REQUIREMENT »
Go through the lines below and copy each one that holds the string "close".

RECORD EXCERPTS »
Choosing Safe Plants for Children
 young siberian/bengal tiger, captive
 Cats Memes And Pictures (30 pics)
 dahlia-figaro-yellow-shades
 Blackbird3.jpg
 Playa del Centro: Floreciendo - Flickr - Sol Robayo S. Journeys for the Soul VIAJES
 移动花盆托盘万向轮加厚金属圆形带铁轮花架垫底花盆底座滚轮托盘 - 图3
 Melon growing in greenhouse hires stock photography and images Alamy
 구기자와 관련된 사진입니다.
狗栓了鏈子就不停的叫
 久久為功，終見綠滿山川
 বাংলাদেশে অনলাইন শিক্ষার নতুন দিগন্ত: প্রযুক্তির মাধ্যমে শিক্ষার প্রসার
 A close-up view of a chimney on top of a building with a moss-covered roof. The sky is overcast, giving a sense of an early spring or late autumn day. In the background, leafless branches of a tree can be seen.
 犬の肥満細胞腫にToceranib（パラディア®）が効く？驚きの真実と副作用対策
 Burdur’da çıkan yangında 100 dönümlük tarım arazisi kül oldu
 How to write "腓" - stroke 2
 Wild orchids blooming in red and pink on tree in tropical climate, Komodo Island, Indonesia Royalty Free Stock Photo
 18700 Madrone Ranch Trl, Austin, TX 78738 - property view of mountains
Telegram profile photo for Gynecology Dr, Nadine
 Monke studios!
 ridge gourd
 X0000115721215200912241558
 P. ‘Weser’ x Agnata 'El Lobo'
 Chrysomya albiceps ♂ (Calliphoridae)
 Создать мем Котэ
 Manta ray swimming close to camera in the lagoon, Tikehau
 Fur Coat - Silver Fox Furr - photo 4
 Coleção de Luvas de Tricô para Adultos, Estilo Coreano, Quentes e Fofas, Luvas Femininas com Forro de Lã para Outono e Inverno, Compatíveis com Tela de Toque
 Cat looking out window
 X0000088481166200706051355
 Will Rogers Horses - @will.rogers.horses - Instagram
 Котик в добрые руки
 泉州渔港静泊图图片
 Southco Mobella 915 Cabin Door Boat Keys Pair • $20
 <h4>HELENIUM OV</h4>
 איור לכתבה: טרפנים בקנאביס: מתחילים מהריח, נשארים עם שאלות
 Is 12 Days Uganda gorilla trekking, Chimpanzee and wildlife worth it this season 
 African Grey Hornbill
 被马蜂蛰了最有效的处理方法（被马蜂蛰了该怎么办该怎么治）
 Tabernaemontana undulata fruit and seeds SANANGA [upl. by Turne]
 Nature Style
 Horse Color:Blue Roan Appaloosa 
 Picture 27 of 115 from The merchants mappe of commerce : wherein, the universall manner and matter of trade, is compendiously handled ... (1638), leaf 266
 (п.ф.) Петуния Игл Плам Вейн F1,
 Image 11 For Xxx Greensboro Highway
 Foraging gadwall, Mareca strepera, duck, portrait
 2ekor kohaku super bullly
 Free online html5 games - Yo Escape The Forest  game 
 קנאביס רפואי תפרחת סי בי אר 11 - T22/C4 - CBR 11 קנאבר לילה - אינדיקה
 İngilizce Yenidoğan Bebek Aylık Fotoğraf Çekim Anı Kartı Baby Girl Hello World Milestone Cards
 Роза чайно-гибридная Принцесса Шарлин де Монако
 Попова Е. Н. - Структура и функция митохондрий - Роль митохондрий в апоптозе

WRITTEN ANSWER »
 A close-up view of a chimney on top of a building with a moss-covered roof. The sky is overcast, giving a sense of an early spring or late autumn day. In the background, leafless branches of a tree can be seen.
 Manta ray swimming close to camera in the lagoon, Tikehau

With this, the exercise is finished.